### Data section
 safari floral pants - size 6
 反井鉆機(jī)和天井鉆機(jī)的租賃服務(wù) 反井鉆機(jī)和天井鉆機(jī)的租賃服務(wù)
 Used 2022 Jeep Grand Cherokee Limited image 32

==

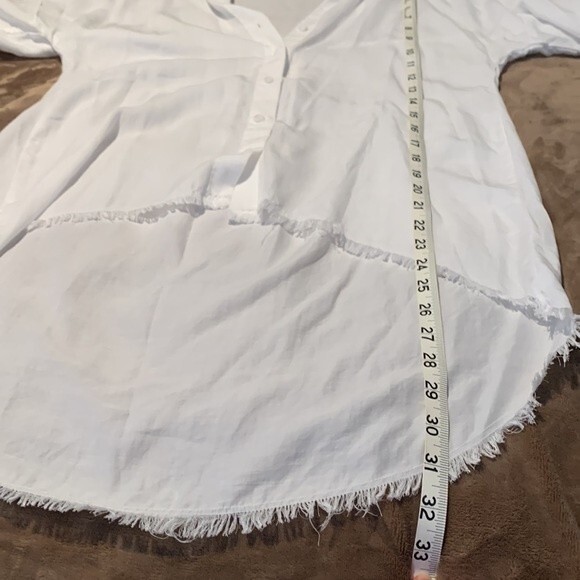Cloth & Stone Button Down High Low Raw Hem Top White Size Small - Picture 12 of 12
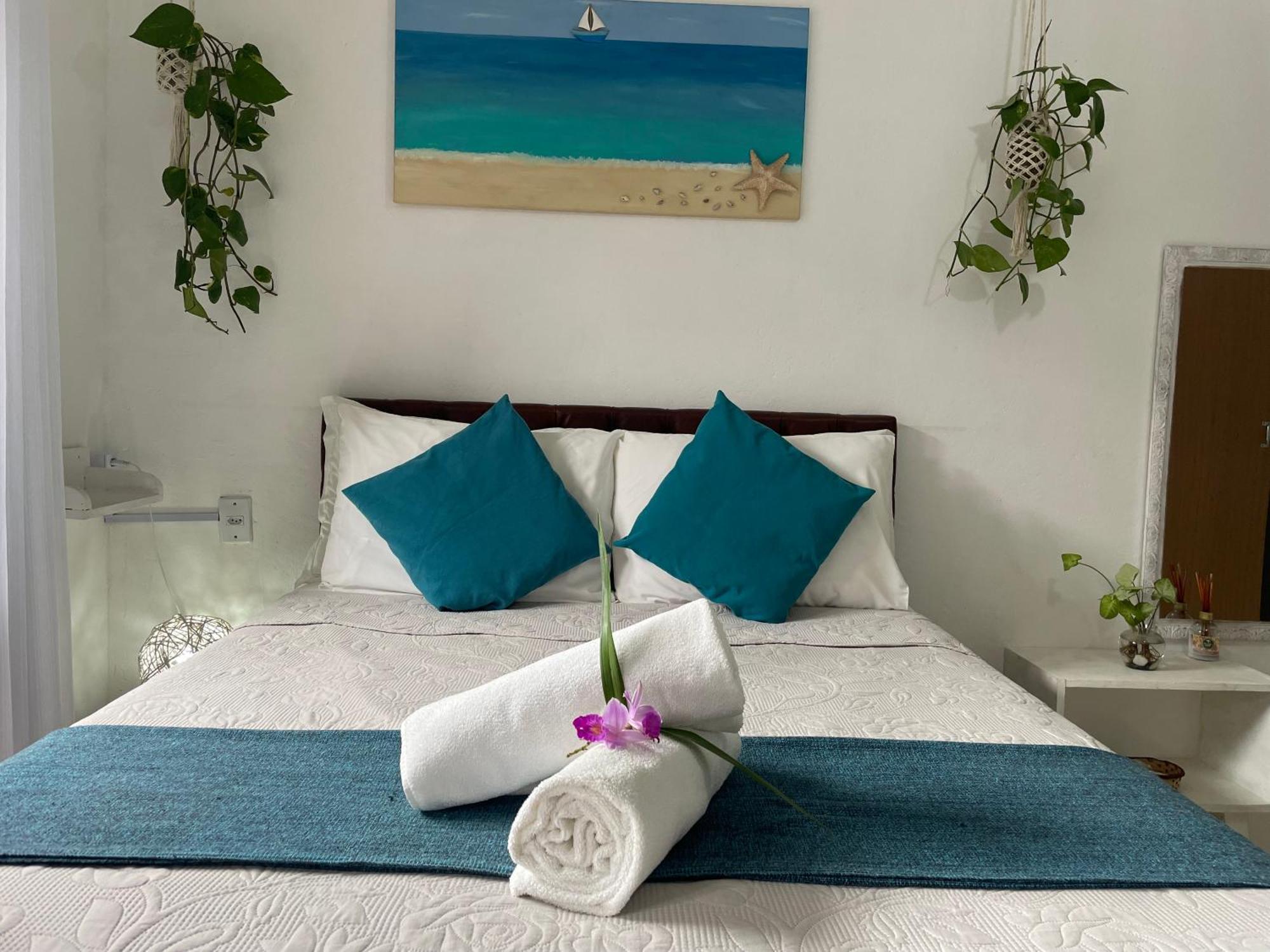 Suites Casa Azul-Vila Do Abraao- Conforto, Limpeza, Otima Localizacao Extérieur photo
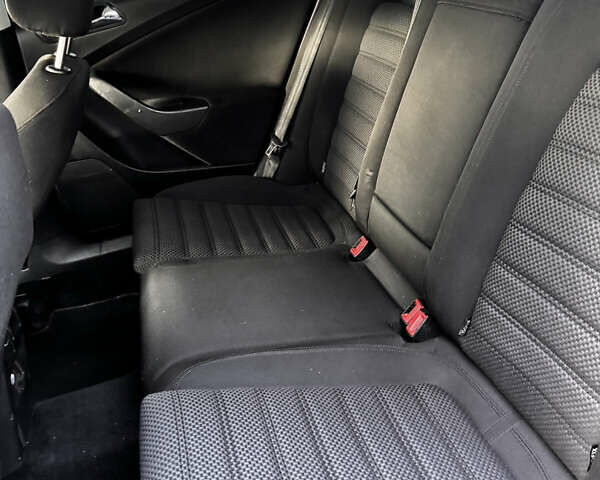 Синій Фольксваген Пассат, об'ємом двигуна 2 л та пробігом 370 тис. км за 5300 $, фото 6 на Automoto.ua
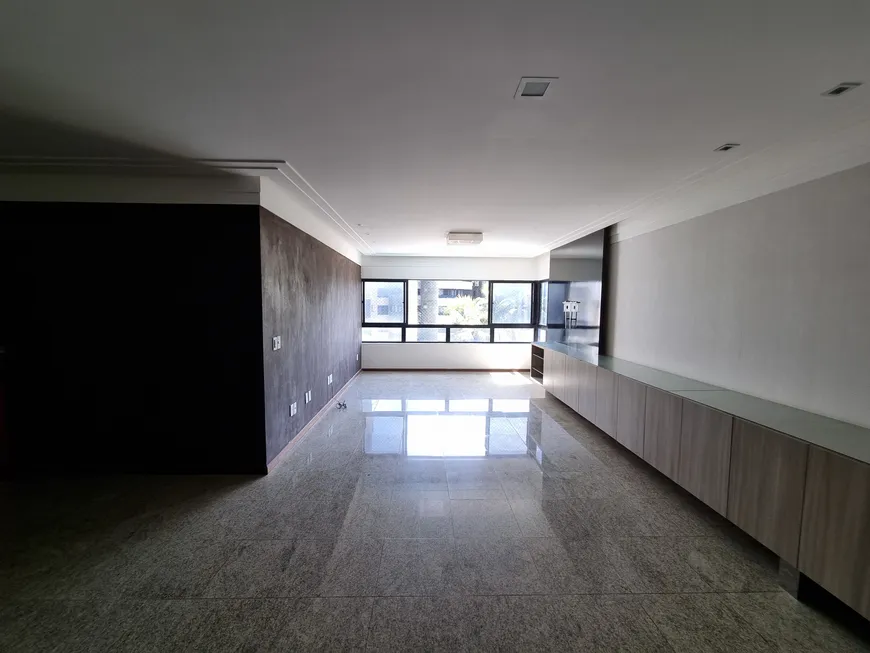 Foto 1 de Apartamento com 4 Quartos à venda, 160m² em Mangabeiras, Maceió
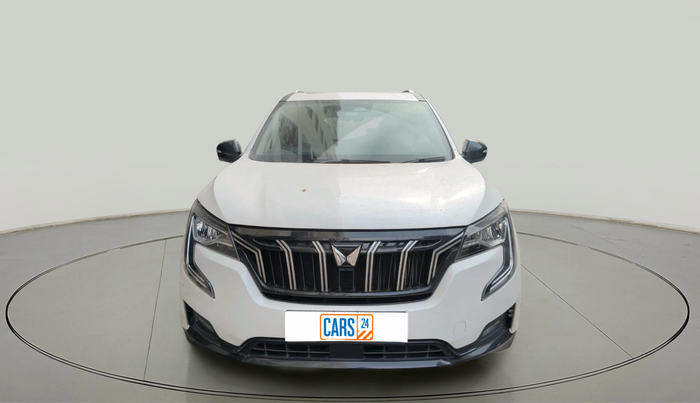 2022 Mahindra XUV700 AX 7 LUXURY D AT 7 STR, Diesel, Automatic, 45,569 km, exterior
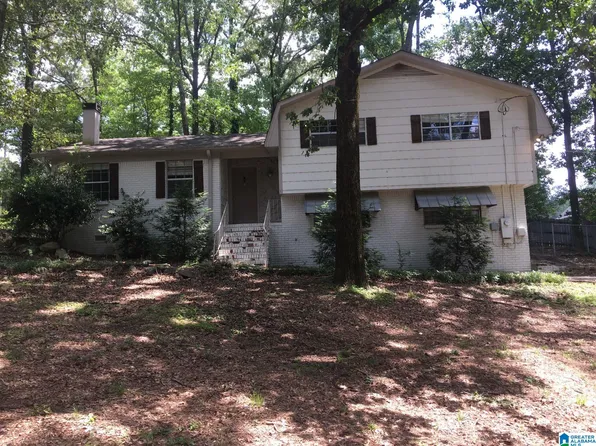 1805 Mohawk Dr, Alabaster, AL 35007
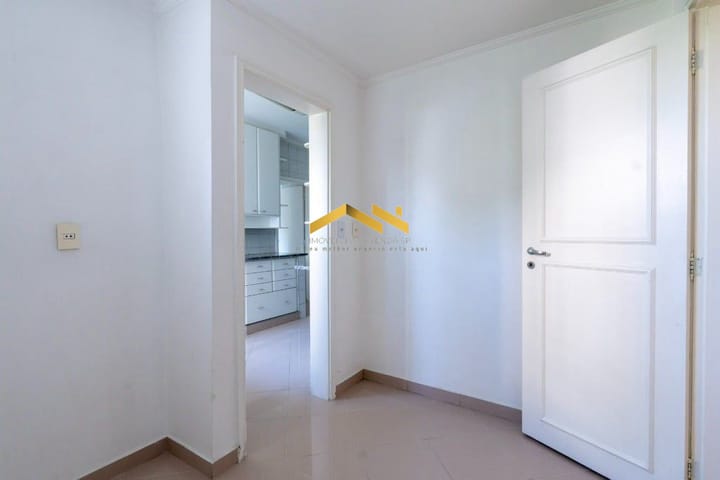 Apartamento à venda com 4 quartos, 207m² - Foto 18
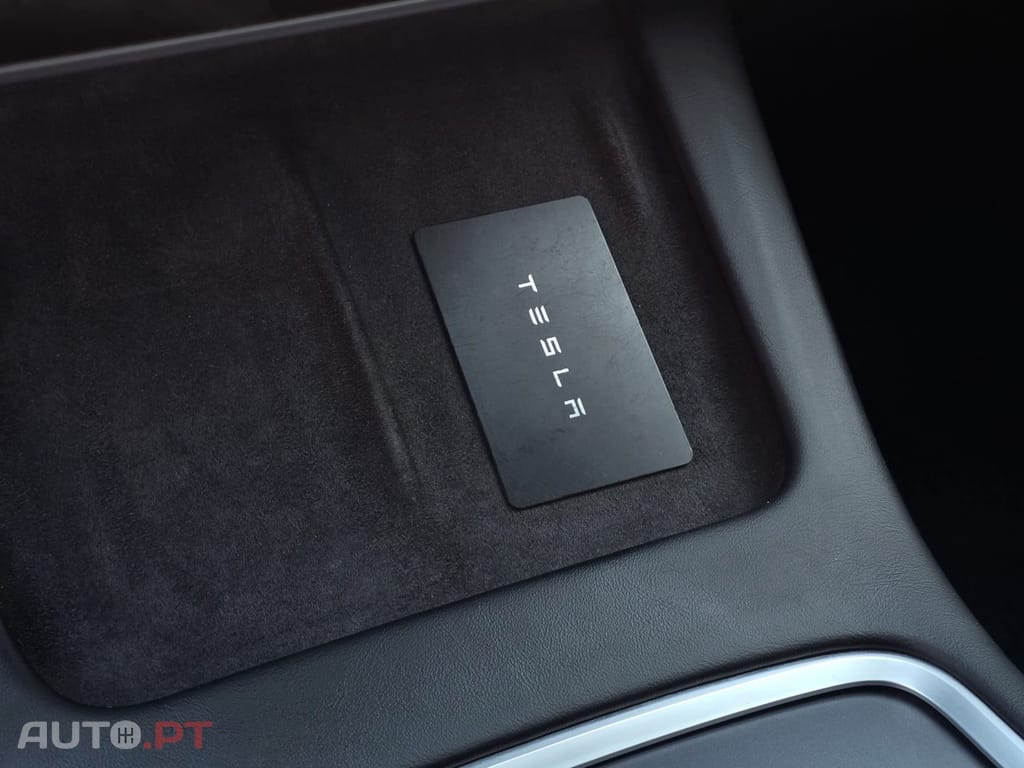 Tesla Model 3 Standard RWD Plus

---

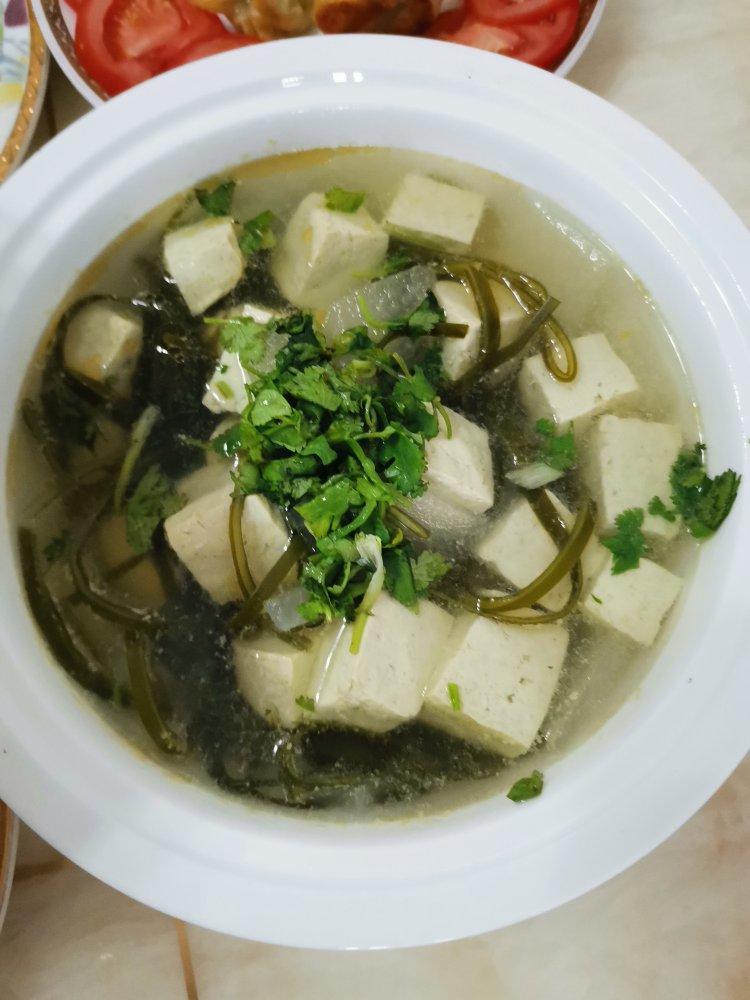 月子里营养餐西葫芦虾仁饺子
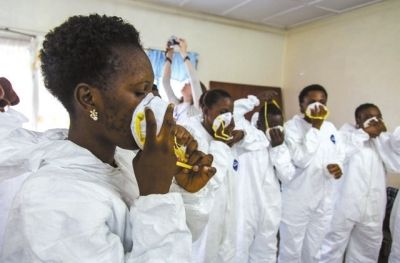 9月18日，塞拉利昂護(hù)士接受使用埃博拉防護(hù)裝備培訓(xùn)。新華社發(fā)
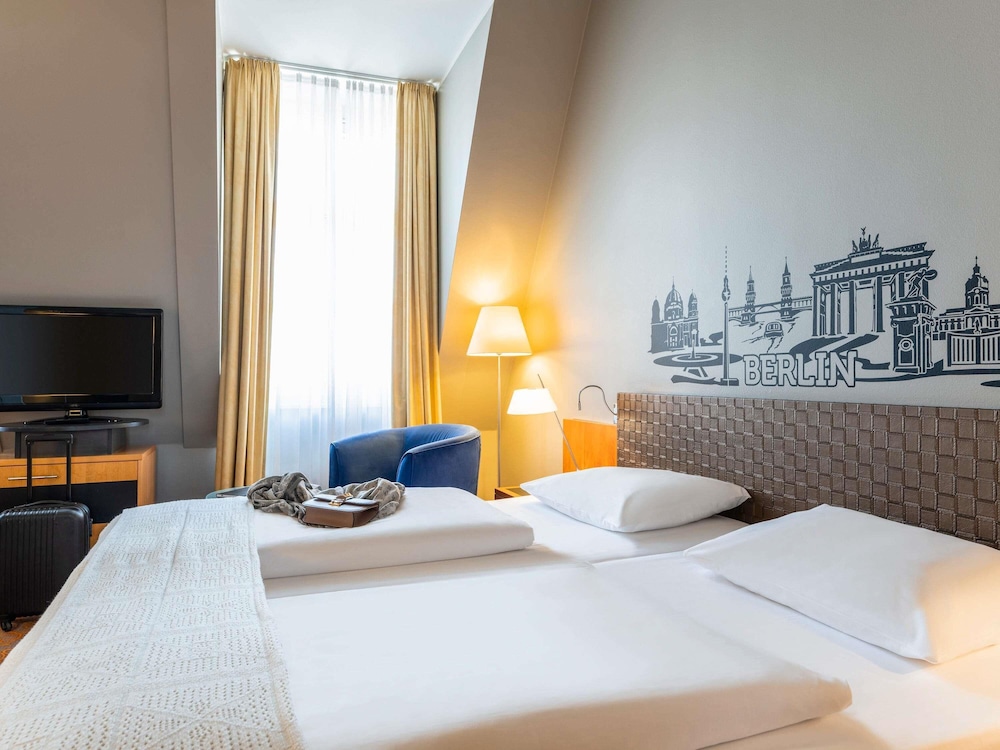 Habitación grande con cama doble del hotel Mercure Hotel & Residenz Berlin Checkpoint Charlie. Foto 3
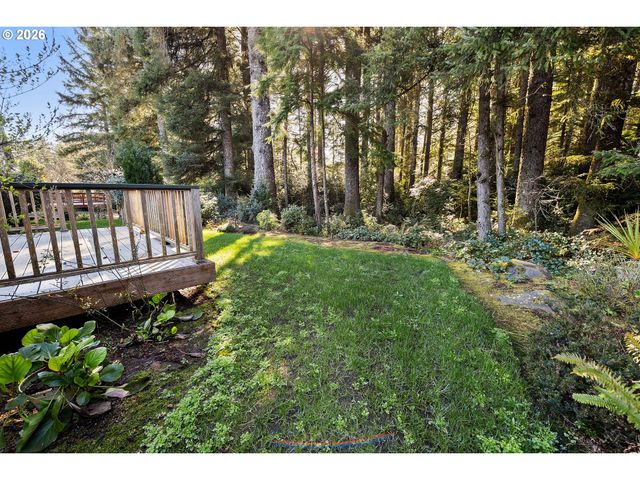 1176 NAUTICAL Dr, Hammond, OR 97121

### What the task asks
Transcribe the records above from the line holding "safari floral pants - size 6" down to the line holding "Used 2022 Jeep", inclusive, without adding anything.

### Exercise result
 safari floral pants - size 6
 反井鉆機(jī)和天井鉆機(jī)的租賃服務(wù) 反井鉆機(jī)和天井鉆機(jī)的租賃服務(wù)
 Used 2022 Jeep Grand Cherokee Limited image 32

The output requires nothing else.